How do I caption a figure in LaTeX?

Inside a figure environment, add \caption{Your caption text} after \includegraphics. Convention: figures get captions BELOW the image, tables get captions ABOVE the data. Add \label{fig:name} after the caption to enable cross-referencing with \ref{fig:name}.

Should the caption go above or below the figure?

Convention: figures BELOW, tables ABOVE. This is consistent across most journal styles. Place \caption after \includegraphics for figures, and BEFORE the tabular environment for tables. Some templates override; follow the template's convention.

How do I customize the caption font and alignment?

Load the caption package: \usepackage{caption}. Then \captionsetup{font=small, labelfont=bf, format=hang, justification=justified}. font=small makes the caption smaller than body; labelfont=bf makes 'Figure 1:' bold; format=hang indents continuation lines under the start of the caption text.

How do I change the caption separator (Figure 1: vs Figure 1.)?

\captionsetup{labelsep=colon} for 'Figure 1: text' (default). labelsep=period for 'Figure 1. text'. labelsep=space for 'Figure 1 text'. labelsep=newline puts the caption on a new line below the label. APA prefers newline; IEEE prefers colon.

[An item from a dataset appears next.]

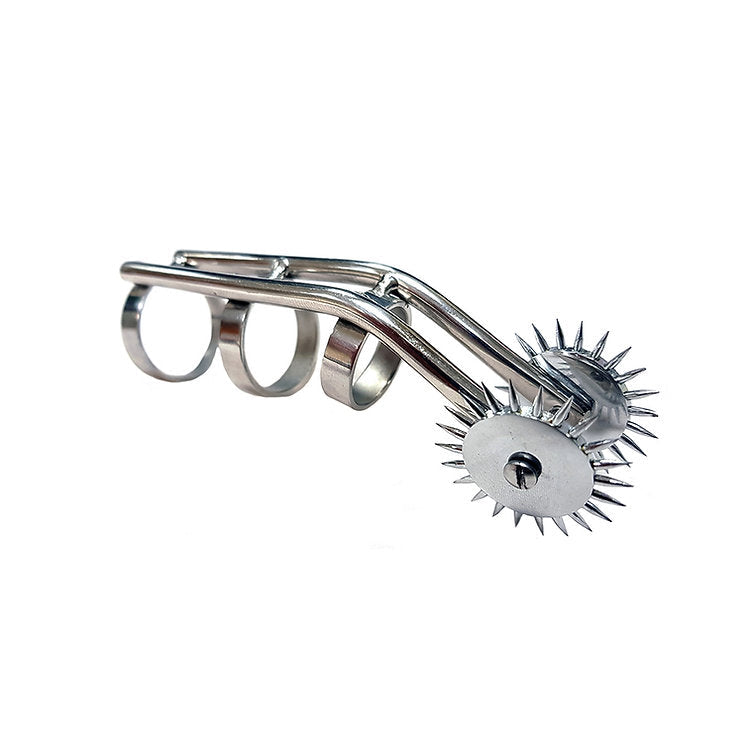 Stainless steel sensation toy with three finger rings and two spiked pinwheels.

How do I make a multi-line caption?

Long captions automatically wrap. To control: \captionsetup{format=hang, indention=2em} hangs continuation lines indented. For very long captions, consider \caption[Short version for List of Figures]{Long version for the figure itself}.

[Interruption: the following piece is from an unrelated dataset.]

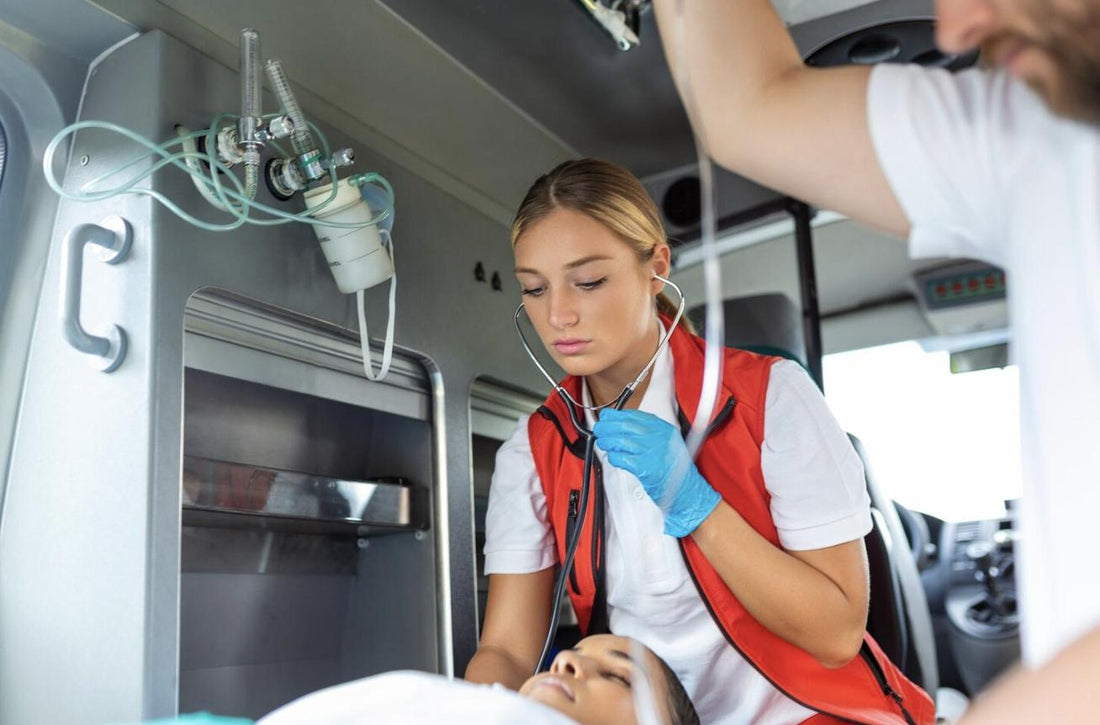 EMT providing emergency care to a patient on a stretcher inside an ambulance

Can I have a caption without a number?

Use \caption*{Your caption} (with the caption package). Produces caption without 'Figure N:' prefix and doesn't increment the figure counter. Useful for example figures or one-off illustrations that don't need formal cross-referencing.

How do I put captions side-by-side with the figure?

Use a minipage or wrapfig: minipage gives explicit control, wrapfig (from wrapfigure package) wraps body text around the figure. For caption beside (not above/below) the image, use a sidecap (sidecaption) package.

How do I cross-reference a figure?

Add \label{fig:architecture} after \caption inside the figure. Then \ref{fig:architecture} produces just '1'. \autoref{fig:architecture} (with hyperref) produces 'Figure 1' with a clickable link. Most authors use \autoref or 'Figure~\ref{fig:architecture}' for the explicit form.

Why is my caption misaligned (centered/left-aligned wrong)?

Default caption alignment is centered for short captions, justified for long. To force: \captionsetup{justification=centering} for always centered, justification=raggedright for left-aligned. Some journals require specific alignment — check the call for papers.